La Gibson nei guai per importazione illegale di ebano

Compleanno amaro per lo storico marchio di bassi e chitarre costretto a pagare una salatissima multa

di Dario Russo 8 agosto 2012 23:07
Gibson bassi e chitarre

Brutti guai per lo storico marchio Gibson. La società americana famosa per produrre e vendere chitarre in tutto il mondo, si ritrova a pagare una salatissima multa di ben 300 mila dollari, a quanto pare per avere importato – in modo illegale – ebano dal Madagascar.

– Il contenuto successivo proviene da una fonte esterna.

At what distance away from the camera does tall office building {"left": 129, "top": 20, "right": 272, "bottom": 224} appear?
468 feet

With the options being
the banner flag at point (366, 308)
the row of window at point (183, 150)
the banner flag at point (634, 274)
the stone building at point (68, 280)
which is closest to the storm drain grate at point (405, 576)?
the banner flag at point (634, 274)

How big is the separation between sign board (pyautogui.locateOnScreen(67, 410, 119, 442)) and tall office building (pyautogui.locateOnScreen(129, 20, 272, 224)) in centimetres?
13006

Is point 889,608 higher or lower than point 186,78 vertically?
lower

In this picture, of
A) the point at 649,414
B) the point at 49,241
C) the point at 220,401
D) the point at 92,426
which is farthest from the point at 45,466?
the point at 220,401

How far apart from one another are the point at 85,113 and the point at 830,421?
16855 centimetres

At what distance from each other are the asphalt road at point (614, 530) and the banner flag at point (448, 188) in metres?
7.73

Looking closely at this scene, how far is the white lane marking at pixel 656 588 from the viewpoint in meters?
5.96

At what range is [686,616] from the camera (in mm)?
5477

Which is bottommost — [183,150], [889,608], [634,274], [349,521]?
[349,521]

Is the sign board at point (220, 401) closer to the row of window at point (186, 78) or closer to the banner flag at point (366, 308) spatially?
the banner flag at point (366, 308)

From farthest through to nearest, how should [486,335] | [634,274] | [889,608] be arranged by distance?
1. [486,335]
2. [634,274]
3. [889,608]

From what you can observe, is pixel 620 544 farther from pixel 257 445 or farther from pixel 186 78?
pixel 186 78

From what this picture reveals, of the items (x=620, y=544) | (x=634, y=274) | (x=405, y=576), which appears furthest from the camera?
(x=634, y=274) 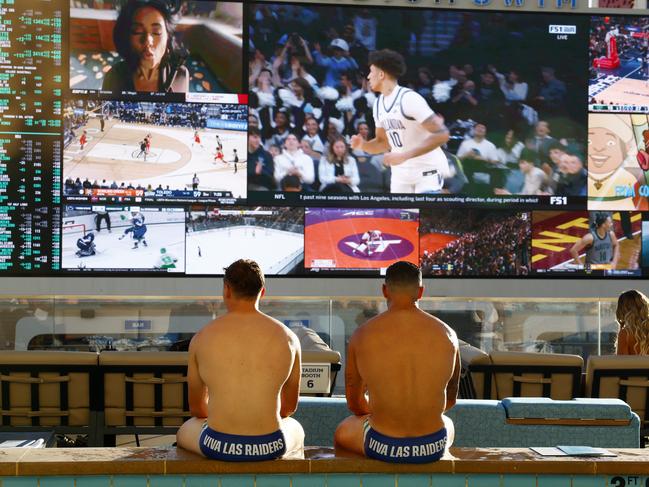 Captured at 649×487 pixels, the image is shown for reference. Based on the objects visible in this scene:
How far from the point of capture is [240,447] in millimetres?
3375

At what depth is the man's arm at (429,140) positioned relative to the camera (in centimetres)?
933

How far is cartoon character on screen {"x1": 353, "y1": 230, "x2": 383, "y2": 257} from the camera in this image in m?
9.22

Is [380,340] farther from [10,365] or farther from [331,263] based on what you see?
[331,263]

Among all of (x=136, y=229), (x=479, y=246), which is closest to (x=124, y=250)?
(x=136, y=229)

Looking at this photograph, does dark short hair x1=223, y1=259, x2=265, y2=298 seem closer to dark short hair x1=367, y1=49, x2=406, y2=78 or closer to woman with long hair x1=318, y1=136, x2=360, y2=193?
woman with long hair x1=318, y1=136, x2=360, y2=193

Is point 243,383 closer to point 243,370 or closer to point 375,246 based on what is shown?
point 243,370

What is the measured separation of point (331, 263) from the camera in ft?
30.2

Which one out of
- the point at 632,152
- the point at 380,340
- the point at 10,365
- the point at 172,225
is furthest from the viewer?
the point at 632,152

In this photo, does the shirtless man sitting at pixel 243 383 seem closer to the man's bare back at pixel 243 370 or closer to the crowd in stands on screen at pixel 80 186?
the man's bare back at pixel 243 370

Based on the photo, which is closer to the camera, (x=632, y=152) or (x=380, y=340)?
(x=380, y=340)

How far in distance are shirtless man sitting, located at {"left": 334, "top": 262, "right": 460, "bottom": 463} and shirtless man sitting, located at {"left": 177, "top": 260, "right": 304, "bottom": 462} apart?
238 mm

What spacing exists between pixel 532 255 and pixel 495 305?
608mm

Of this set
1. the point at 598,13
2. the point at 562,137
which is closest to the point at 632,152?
the point at 562,137

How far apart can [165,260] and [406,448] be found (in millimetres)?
5877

Oltre a questa consistente somma la Gibson è stata costretta a pagare anche altri 50 mila dollari alla National Fish and Wildlife Foundation (l’ente statunitense con il compito di preservare il patrimonio naturale). Oltretutto, la società non ha potuto neanche usare il legno (il valore era stato stimato vicino ai 200 mila dollari) poiché messo sotto sequestro dalle autorità statunitensi. E pensare che queste cifre, sono il frutto dell’accordo tra il marchio di chitarre e il governo degli Stati Uniti, poiché in caso di processo penale, i costi potevano diventare ben più gravosi.

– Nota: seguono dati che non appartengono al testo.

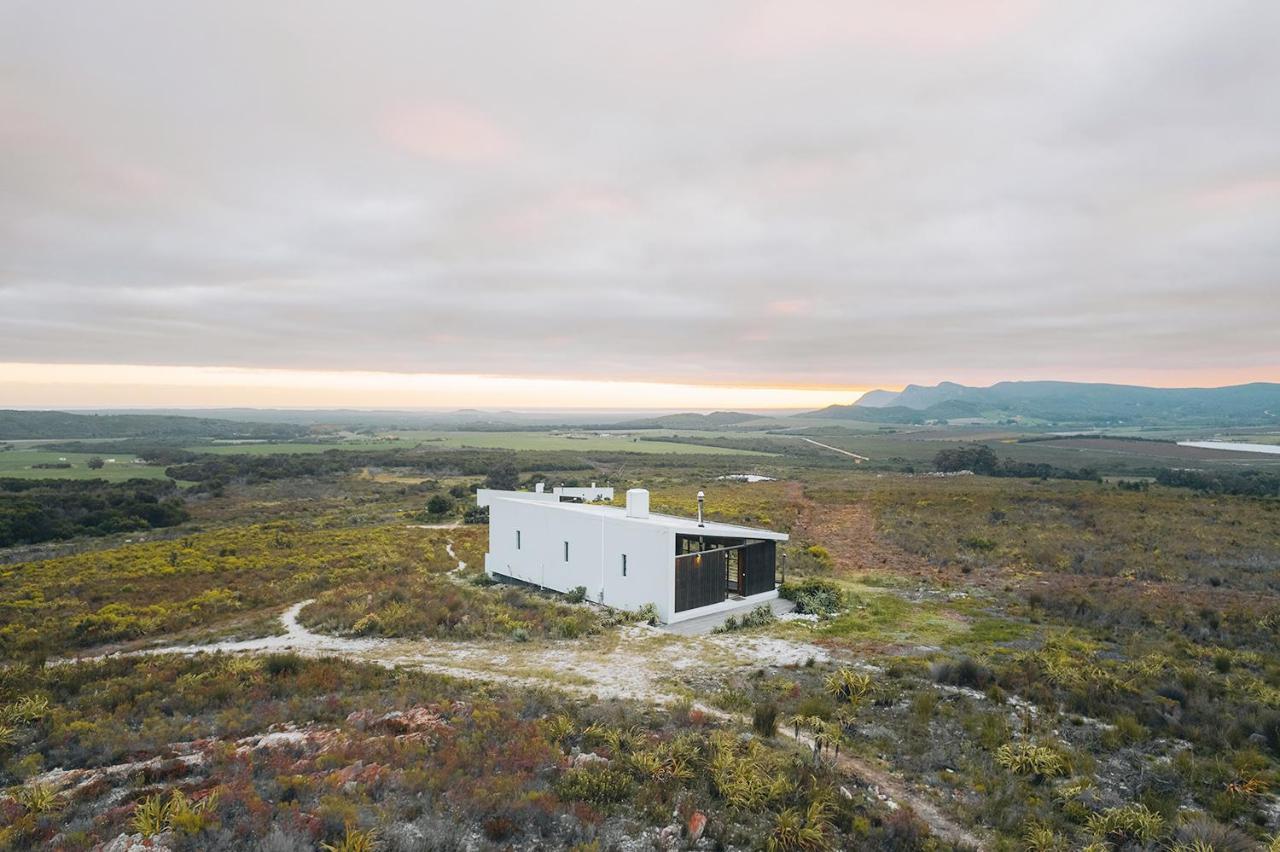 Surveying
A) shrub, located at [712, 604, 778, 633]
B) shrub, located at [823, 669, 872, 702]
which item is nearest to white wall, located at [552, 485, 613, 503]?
shrub, located at [712, 604, 778, 633]

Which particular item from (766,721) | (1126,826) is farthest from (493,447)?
(1126,826)

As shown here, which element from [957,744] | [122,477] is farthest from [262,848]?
[122,477]

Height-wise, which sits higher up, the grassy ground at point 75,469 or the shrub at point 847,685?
the shrub at point 847,685

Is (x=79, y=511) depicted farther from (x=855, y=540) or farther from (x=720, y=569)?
(x=855, y=540)

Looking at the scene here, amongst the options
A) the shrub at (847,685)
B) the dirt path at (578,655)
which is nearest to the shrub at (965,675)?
the shrub at (847,685)

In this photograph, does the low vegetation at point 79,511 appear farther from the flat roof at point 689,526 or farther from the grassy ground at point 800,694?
the flat roof at point 689,526

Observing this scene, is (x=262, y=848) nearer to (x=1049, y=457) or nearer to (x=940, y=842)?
(x=940, y=842)

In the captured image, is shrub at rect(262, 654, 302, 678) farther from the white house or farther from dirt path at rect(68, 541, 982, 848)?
the white house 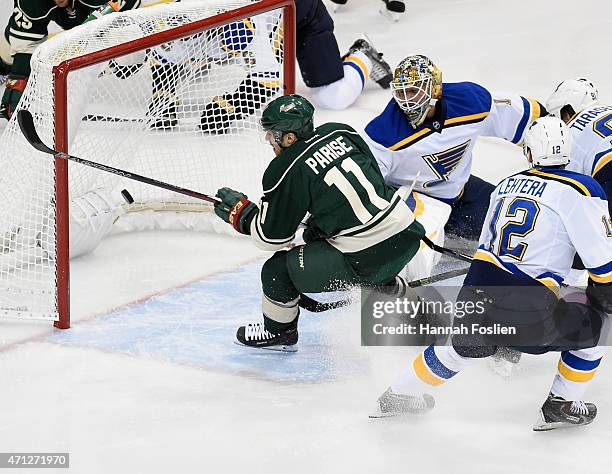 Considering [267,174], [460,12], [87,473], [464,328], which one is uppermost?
[267,174]

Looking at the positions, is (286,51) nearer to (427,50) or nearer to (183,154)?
(183,154)

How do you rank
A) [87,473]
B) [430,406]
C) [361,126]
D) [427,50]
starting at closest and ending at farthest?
[87,473] < [430,406] < [361,126] < [427,50]

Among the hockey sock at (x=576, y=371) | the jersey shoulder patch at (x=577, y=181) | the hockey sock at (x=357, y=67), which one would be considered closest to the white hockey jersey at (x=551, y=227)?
the jersey shoulder patch at (x=577, y=181)

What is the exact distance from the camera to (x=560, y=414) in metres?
2.93

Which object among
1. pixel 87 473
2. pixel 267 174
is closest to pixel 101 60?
pixel 267 174

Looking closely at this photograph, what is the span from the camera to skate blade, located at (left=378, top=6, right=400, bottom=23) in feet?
21.4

La Gibson è stata accusata di aver infranto il Lacey Act che dal 2008: “rende illegale importare, esportare, trasportare, vendere o acquistare nel territorio americano elementi della flora e della fauna e i loro derivati, provenienti da siti naturali non autorizzati di tutto il mondo

Come riferito dal ministero della giustizia americano statunitense, la Gibson ha ammesso: “di non aver preso alcuna iniziativa dopo essere stata informata che l’ebano acquistato in Madagascar poteva essere stato ottenuto violando le leggi che puniscono il disboscamento e lo sfruttamento di foreste preziose”.
Nonostante ciò, l’azienda respinge continuamente le accuse dichiarando tramite comunicato che: “Siamo stati costretti a risolvere il caso in modo da evitare un processo che ci poteva costare milioni di dollari e ci avrebbe fatto perdere tanto tempo. Adesso possiamo tornare a fare il nostro lavoro, cioè fabbricare chitarre

Questa notizia – decisamente – non è stato un bel modo per festeggiare il compleanno del leggendario brand nato a Kalamazoo (nello stato del Michigan) ben 110 anni or sono.